__ASSIGNMENT__: Would you please repeat exactly the entries below, starting at the line with "LED Downlight Strahler" and ending at the line with "Recipes Using Canned Yams ThriftyFun", and nothing outside that range? Leave out the pictures.

━━━━━━━━━━━━━━━━━━━━

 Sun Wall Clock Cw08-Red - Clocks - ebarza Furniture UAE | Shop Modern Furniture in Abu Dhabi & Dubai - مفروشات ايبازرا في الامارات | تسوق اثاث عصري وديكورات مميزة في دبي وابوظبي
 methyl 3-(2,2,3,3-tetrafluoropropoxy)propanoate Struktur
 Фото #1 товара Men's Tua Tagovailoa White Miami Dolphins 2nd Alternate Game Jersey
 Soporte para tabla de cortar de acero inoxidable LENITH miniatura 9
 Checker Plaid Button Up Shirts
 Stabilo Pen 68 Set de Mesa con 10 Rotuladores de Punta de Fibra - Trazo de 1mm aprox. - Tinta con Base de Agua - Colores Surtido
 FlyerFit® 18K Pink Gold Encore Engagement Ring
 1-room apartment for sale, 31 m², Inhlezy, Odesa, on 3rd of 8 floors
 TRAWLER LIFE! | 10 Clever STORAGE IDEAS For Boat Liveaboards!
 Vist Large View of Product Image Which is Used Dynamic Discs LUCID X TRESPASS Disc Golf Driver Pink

━━━━━━━━━━━━━━━━━━━━

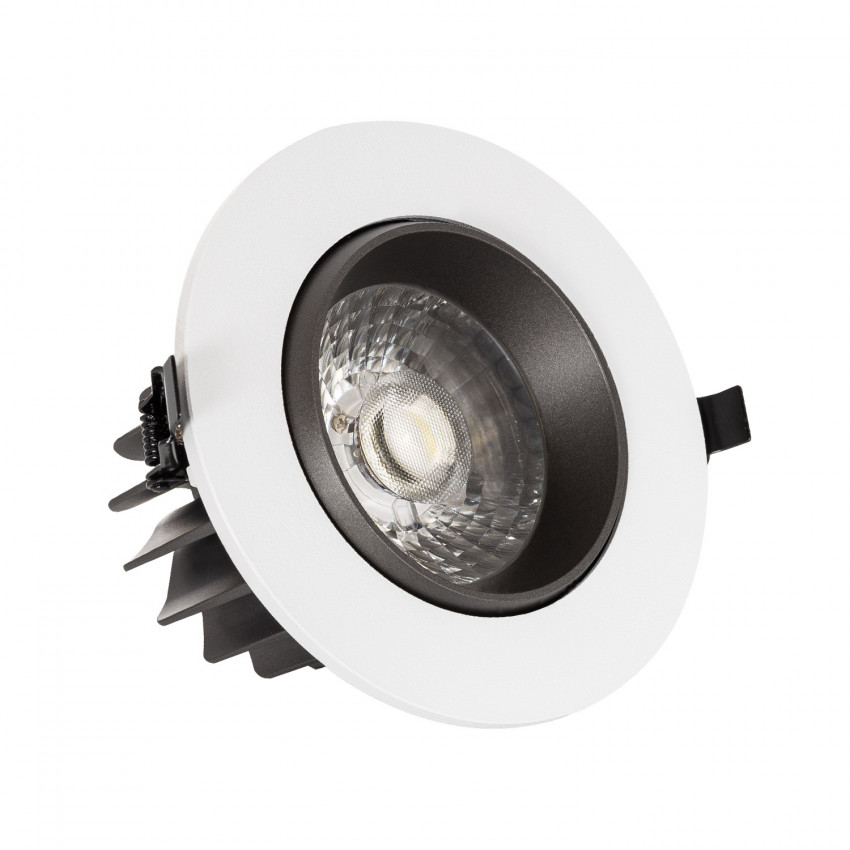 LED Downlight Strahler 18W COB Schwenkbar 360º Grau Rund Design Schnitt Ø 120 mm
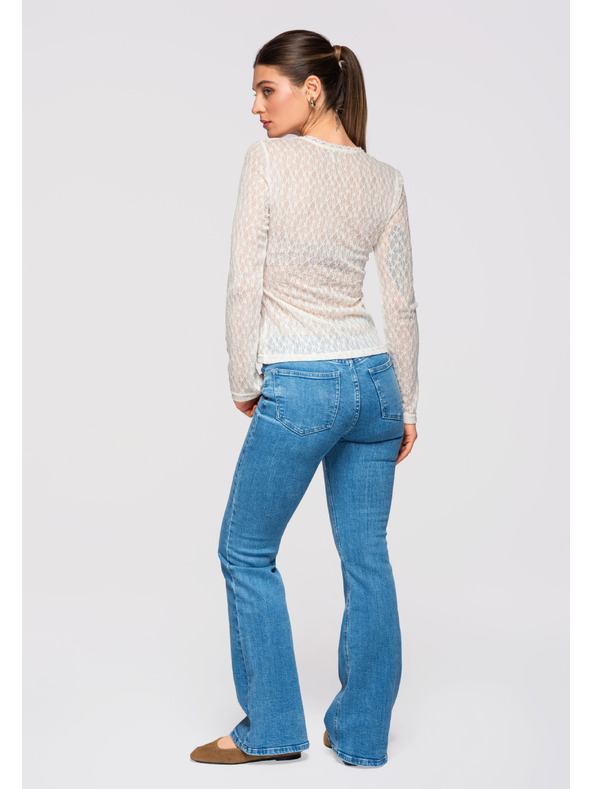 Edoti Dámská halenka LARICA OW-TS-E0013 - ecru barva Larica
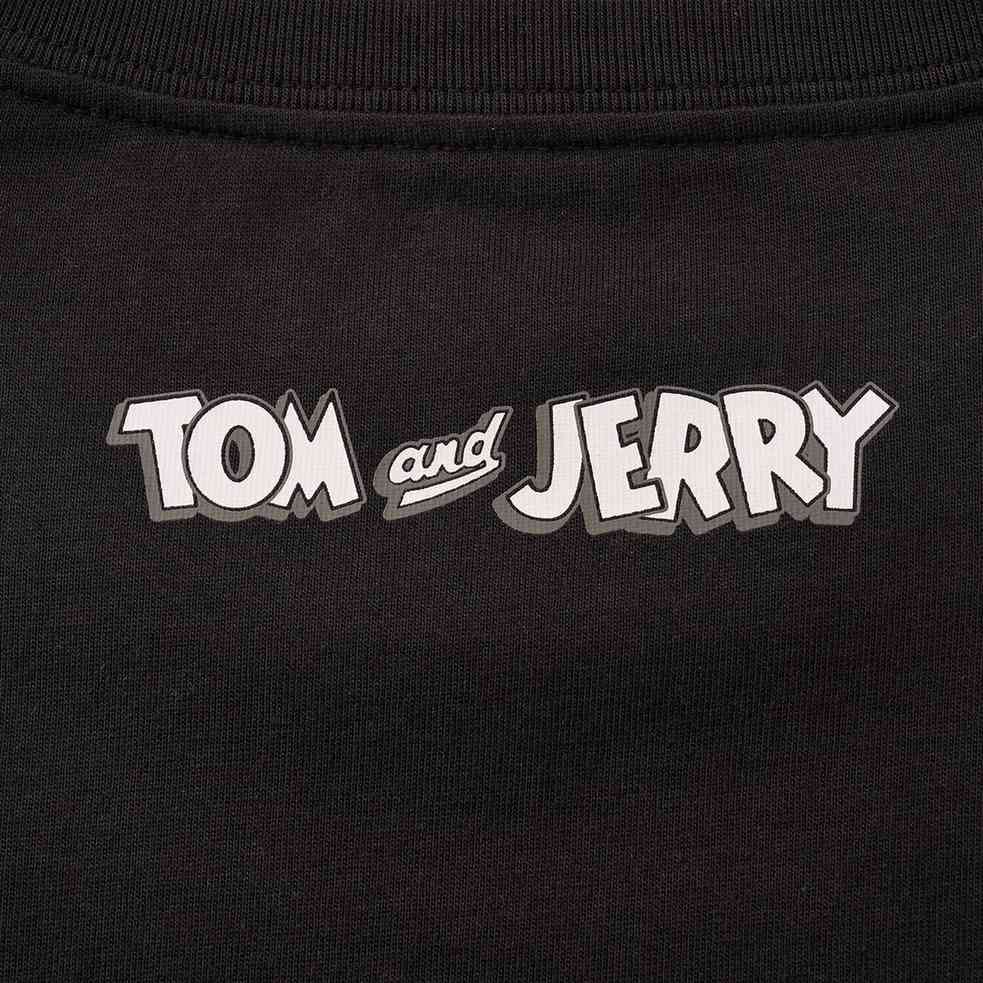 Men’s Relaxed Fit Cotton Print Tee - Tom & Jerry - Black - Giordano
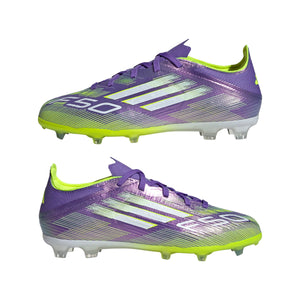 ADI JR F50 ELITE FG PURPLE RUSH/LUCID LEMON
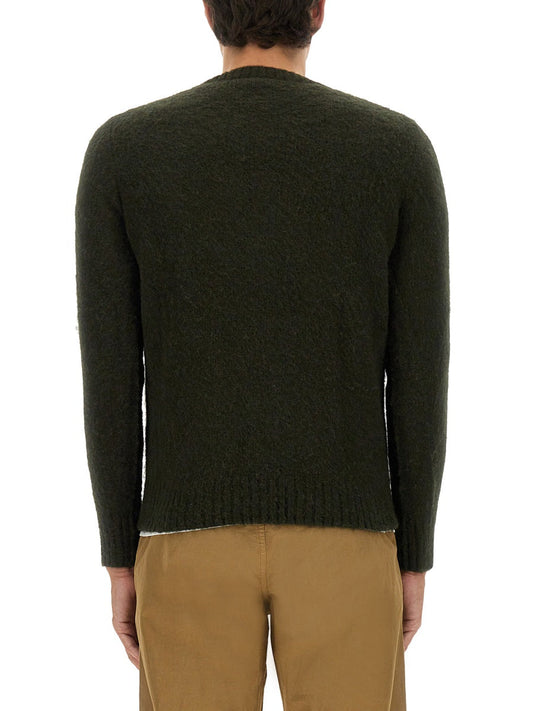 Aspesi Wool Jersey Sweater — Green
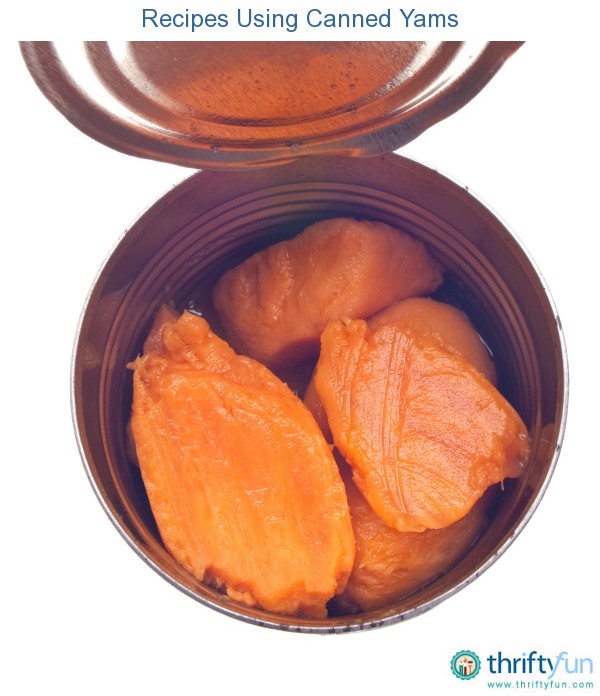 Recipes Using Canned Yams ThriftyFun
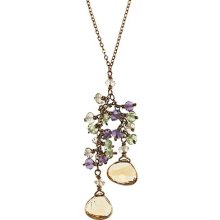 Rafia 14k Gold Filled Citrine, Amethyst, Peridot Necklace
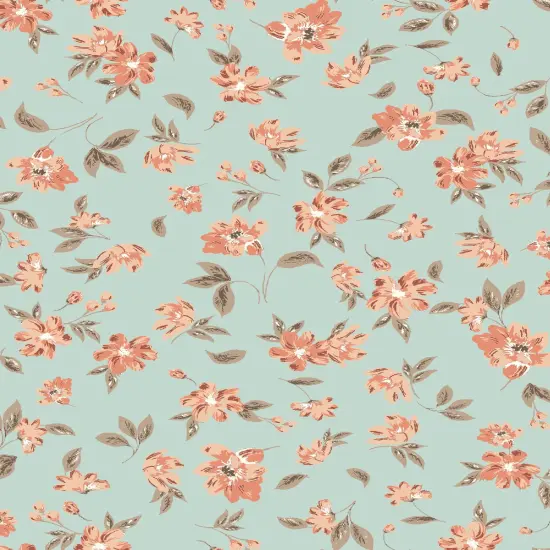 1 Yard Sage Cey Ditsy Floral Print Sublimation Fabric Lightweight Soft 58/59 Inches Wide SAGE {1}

━━━━━━━━━━━━━━━━━━━━

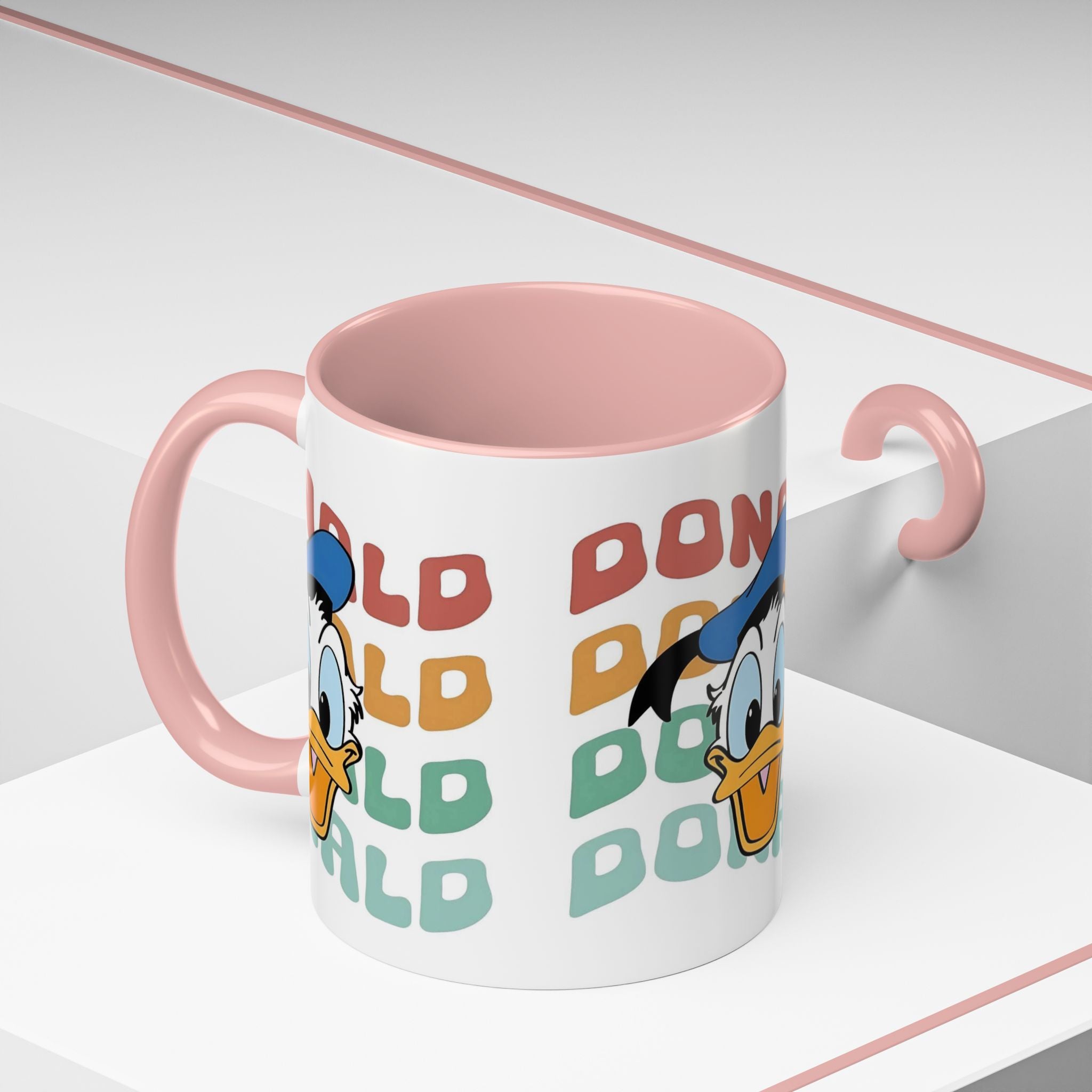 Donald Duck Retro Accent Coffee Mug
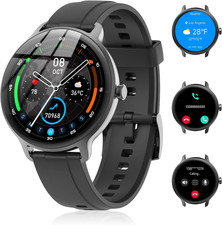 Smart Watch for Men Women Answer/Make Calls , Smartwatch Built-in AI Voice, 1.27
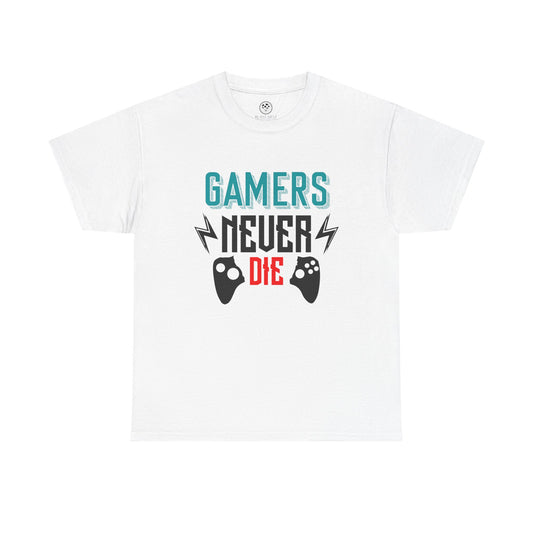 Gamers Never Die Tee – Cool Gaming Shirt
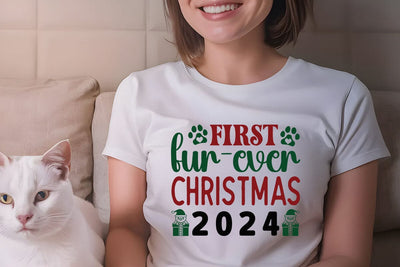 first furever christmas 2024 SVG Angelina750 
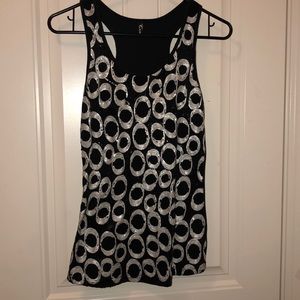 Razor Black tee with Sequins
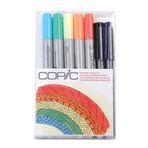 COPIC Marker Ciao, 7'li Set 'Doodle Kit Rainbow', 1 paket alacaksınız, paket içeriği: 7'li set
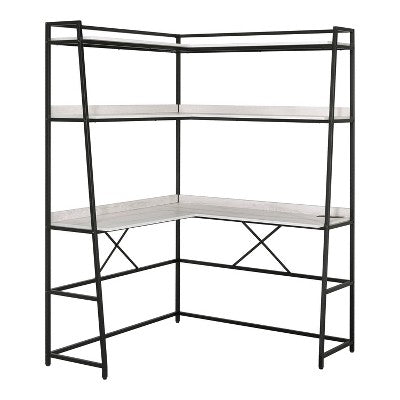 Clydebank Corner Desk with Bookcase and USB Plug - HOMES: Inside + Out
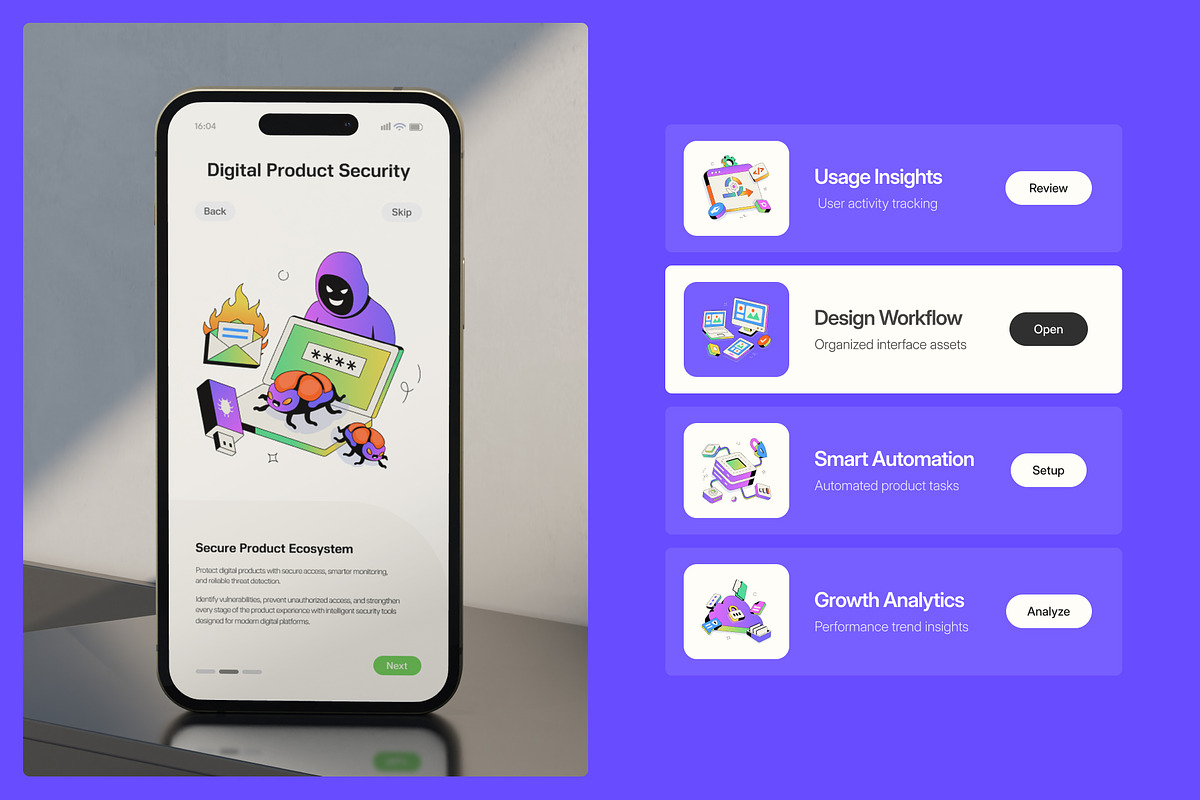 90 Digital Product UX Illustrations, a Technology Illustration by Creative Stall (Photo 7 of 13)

━━━━━━━━━━━━━━━━━━━━

__FINAL ANSWER__:
 LED Downlight Strahler 18W COB Schwenkbar 360º Grau Rund Design Schnitt Ø 120 mm
 Edoti Dámská halenka LARICA OW-TS-E0013 - ecru barva Larica
 Men’s Relaxed Fit Cotton Print Tee - Tom & Jerry - Black - Giordano
 ADI JR F50 ELITE FG PURPLE RUSH/LUCID LEMON
 Aspesi Wool Jersey Sweater — Green
 Recipes Using Canned Yams ThriftyFun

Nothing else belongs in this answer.